The anti-communist forces were thus leaderless, and also divided and deeply mired in corruption. Souphanouvong, by contrast, was confident and a master political tactician, and had behind him the disciplined cadres of the communist party and the Pathēt Lao forces and the North Vietnamese army. The end of American aid also meant the mass demobilization of most of the non-Pathēt Lao military forces in the country. The Pathēt Lao on the other hand continued to be both funded and equipped by North Vietnam.

In May 1974 Souphanouvong put forward an 18-point plan for "National Reconstruction", which was unanimously adopted – a sign of his increasing dominance. The plan was mostly uncontroversial, with renewed promises of free elections, democratic rights and respect for religion, as well as constructive economic policies. But press censorship was introduced in the name of "national unity", making it more difficult for non-communist forces to organise politically in response to the creeping Pathēt Lao takeover. In January 1975 all public meetings and demonstrations were banned. Recognising the trend of events, influential business and political figures began to move their assets, and in some cases themselves, to Thailand, France or the U.S.

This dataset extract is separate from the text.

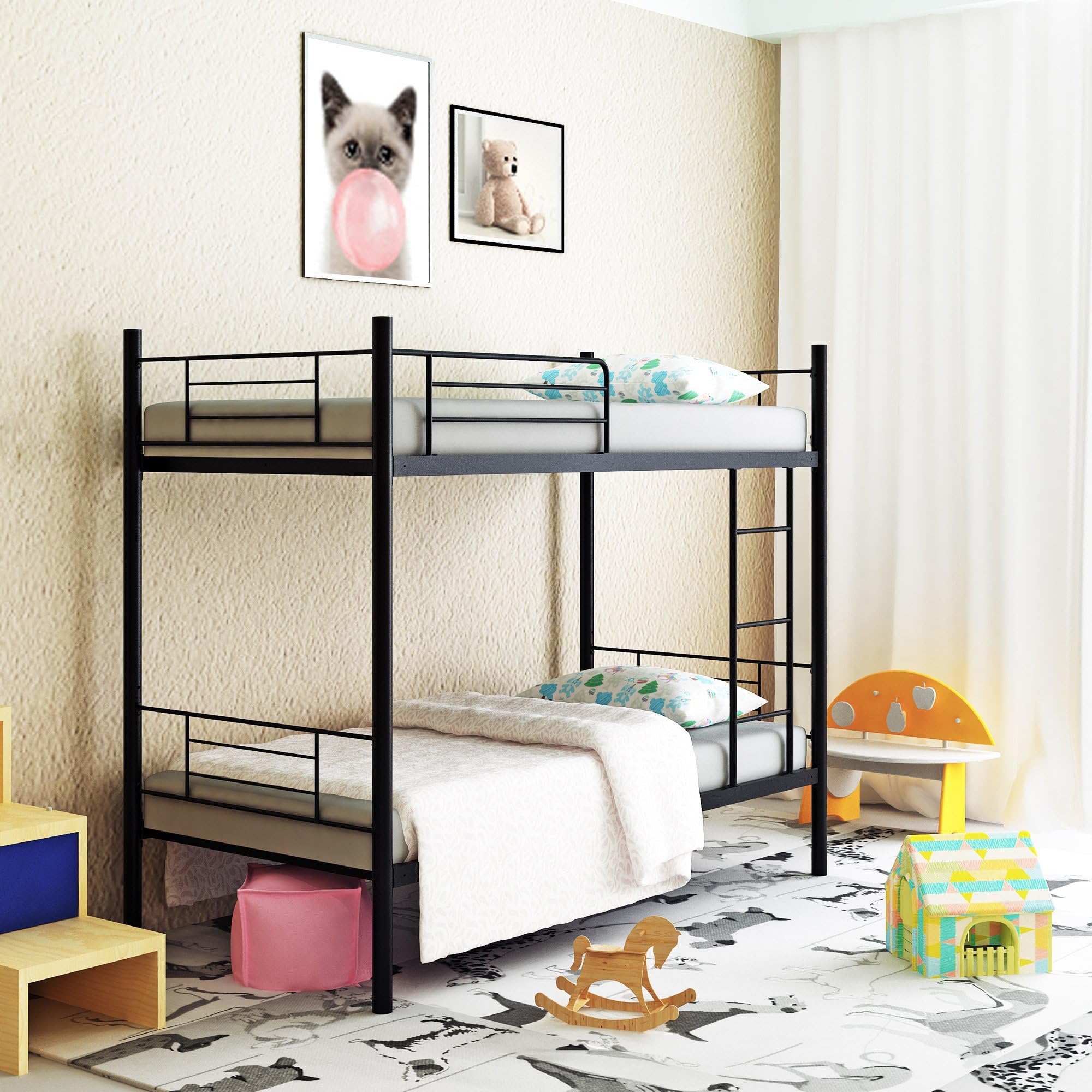 Stooreys Modern Bunk Bed with 5" Foam Mattress (Black)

==Beginning of the offensive==
=== Advance on Vientiane ===
On 14th April, heavy fighting erupted near Sala Phou Khoun with the Lao Army sending four 105mm howitzers and one division to counter communist advances.

On 23rd April, Pathet Lao captured the strategic junction at Sala Phou Khoun after four days of fighting, with two right-wing fighters killed and four injured.

On 26th April, right-wing forces were reportedly pushed out of Phouphanang, Dane Soung and Na Hnang.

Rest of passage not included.